HOW NUTRITION TRAINING TRANSFORMED THE LIFE OF WINNIE TIROP OF CHEMASE
At just 23 years old, Winnie Tirop of Chemase Ward has already walked a journey that many mothers know too well but rarely speak about raising children under the shadow of malnutrition. For years, she watched her young siblings and neighborhood children struggle with poor feeding, frequent illness, and slow growth, not out of neglect, but out of limited knowledge and options.
Today, her story is changing and so is her community,thanks to nutrition empowerment programs under the Korge Arise Initiative spearheaded by Nandi County Deputy Governor Dr. Yulita Cheruiyot, alongside the county’s strengthened nutrition agenda.
Winnie recalls the difficult days when meals in her household were filling but not nourishing. “We ate what was available mostly starch and we thought that was enough,” she says. “Children were often weak and sickly. We did not understand food diversity or balanced diets.” Like many young women in rural households, she had never received structured nutrition education and believed good nutrition required expensive foods beyond their reach.
Her turning point came when she enrolled in a community nutrition training session organized through county-supported outreach programs linked to the broader food and nutrition strategy. There, she learned what she calls the “one, two change” simple but powerful lessons: first, how to combine locally available foods for a balanced plate; and second, how proper child feeding practices in the first 1,000 days determine long-term health. She learned about kitchen gardens, food groups, child meal frequency, and affordable protein sources such as eggs, milk, and legumes.
Armed with knowledge, Winnie started small.
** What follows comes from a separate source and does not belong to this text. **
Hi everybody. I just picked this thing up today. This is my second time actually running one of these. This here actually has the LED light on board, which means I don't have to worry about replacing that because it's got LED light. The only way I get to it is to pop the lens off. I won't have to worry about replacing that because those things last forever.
She helped her family establish a kitchen garden, diversified meals, and began educating other young mothers in Chemase village. Within months, she noticed visible improvements, children gained healthier weight, fell sick less often, and had more energy.
Her personal transformation mirrors a larger county movement.
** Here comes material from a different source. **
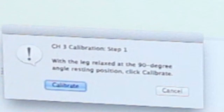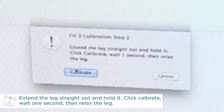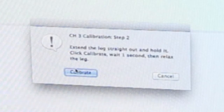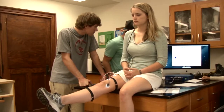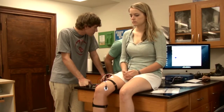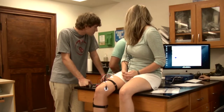We'll have the computer operator click on that and it'll walk you through the calibration. Danielle, go ahead and read those out loud and tell the subject what she needs to do. Before we start any stimulation, hit start in the top corner and have the subject extend her leg out. Make sure the goniometer is in the right direction — it should go up when she extends her leg.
This week, the County Government of Nandi launched the Food and Nutrition Policy (2026–2046) and signed a Phase II Memorandum of Understanding with Nutrition International, a milestone framework aimed at eradicating malnutrition and strengthening household food security. The new policy integrates health, agriculture, education, water, and social protection sectors to deliver long-term, community-level nutrition impact.
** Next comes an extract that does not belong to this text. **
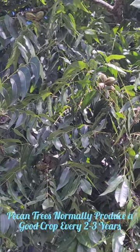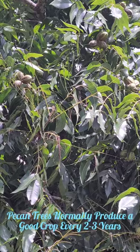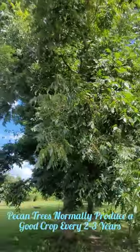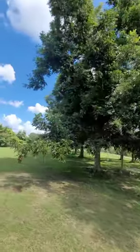Check out our pecan trees. It looks like we're going to have an okay harvest this year — not every tree is loaded, but some of them have a pretty good harvest on them. We've got a dozen pecan trees.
Phase I of the county’s partnership with Nutrition International already delivered measurable progress, cutting child stunting rates from 29.9% to 15.1% a result officials say proves that knowledge, coordination, and community outreach work.
Speaking during the launch, Governor Stephen Sang emphasized that nutrition is not just a health issue but an economic foundation. Deputy Governor Dr. Yulita Cheruiyot noted that community-centered initiatives especially those targeting young women are central to sustaining gains.
For Winnie, the policy is not just a government document, it is a lived reality.
“Nutrition changed how I see food, children, and the future,” she says. “We don’t need expensive meals, we need the right knowledge. Now I teach others what I learned.”
In Chemase, her neighbors now call her when they have questions about child feeding and meal planning. At 23, she has become an informal nutrition champion, proof that when policy meets people, transformation begins at the household level.